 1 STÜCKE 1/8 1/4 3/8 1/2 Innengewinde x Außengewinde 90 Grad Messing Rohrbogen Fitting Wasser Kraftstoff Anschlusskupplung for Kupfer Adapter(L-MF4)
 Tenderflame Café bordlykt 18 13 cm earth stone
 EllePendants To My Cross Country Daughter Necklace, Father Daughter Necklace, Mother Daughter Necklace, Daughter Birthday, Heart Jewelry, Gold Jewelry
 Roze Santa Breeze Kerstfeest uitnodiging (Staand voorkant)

····················

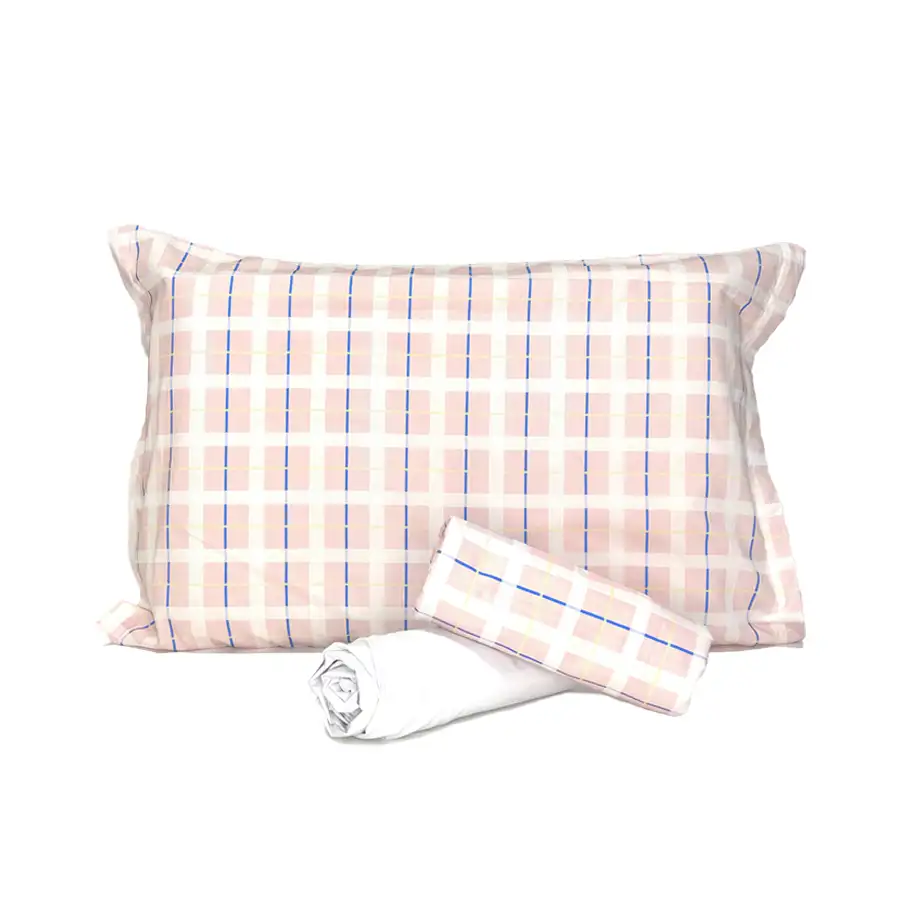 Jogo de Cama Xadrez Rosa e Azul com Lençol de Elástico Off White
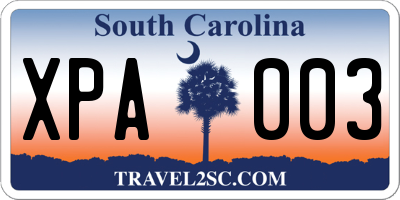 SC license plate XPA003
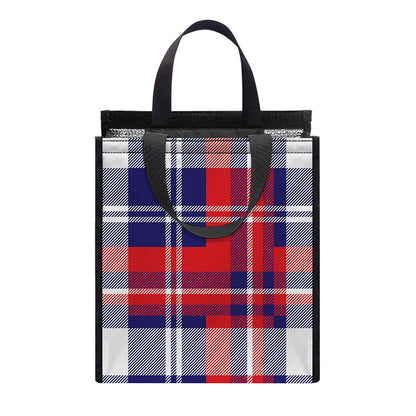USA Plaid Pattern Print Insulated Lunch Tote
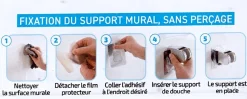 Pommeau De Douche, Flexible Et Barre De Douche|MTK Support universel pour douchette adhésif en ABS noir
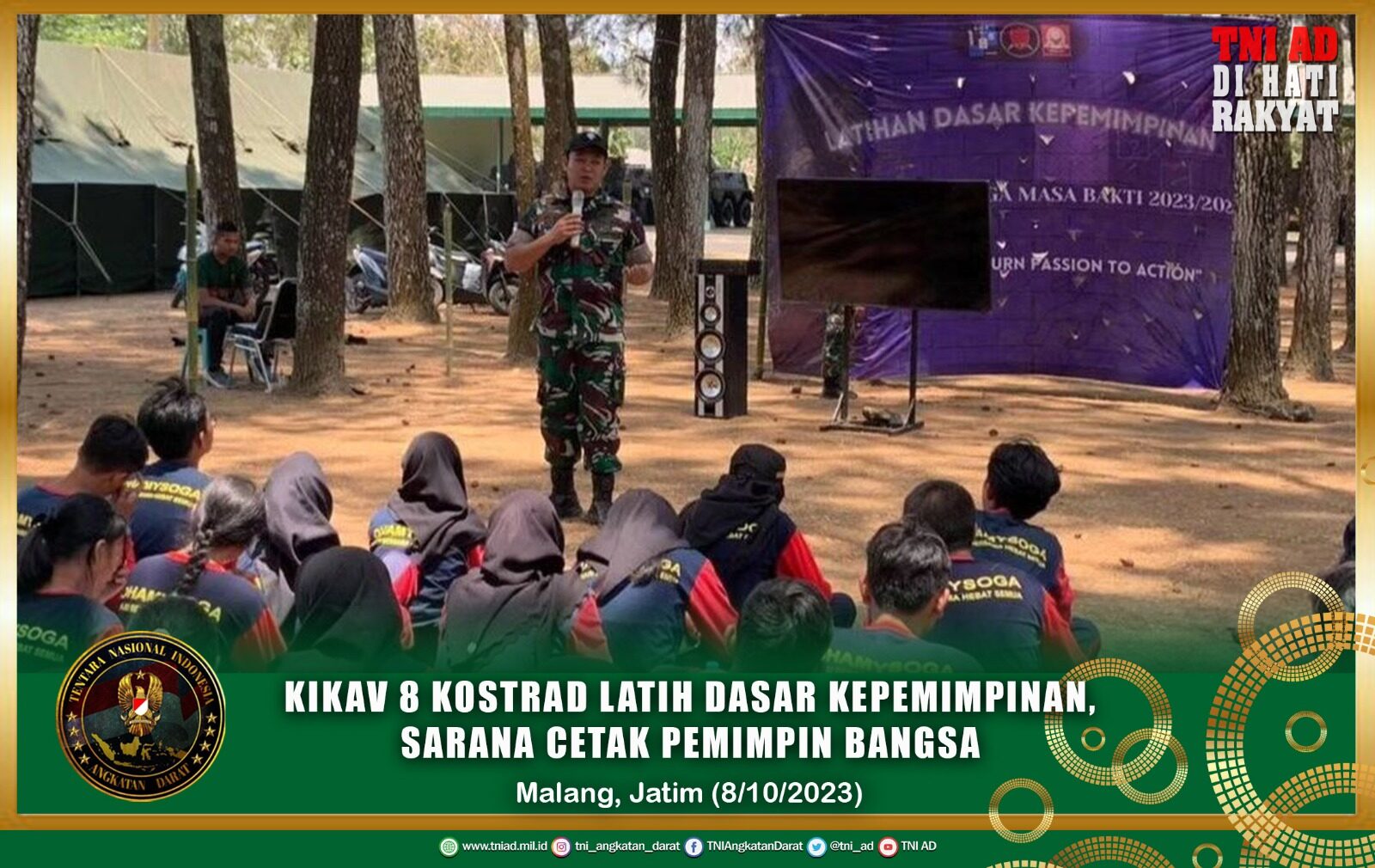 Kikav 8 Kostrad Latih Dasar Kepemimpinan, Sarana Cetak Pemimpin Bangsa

····················

▸ TASK DIRECTIONS
As the answer, set down only the lines from the data above between the one holding "1 STÜCKE 1/8" and the one holding "Roze Santa Breeze", inclusive, exactly as they read.

▸ SOLUTION TO THIS PROBLEM
 1 STÜCKE 1/8 1/4 3/8 1/2 Innengewinde x Außengewinde 90 Grad Messing Rohrbogen Fitting Wasser Kraftstoff Anschlusskupplung for Kupfer Adapter(L-MF4)
 Tenderflame Café bordlykt 18 13 cm earth stone
 EllePendants To My Cross Country Daughter Necklace, Father Daughter Necklace, Mother Daughter Necklace, Daughter Birthday, Heart Jewelry, Gold Jewelry
 Roze Santa Breeze Kerstfeest uitnodiging (Staand voorkant)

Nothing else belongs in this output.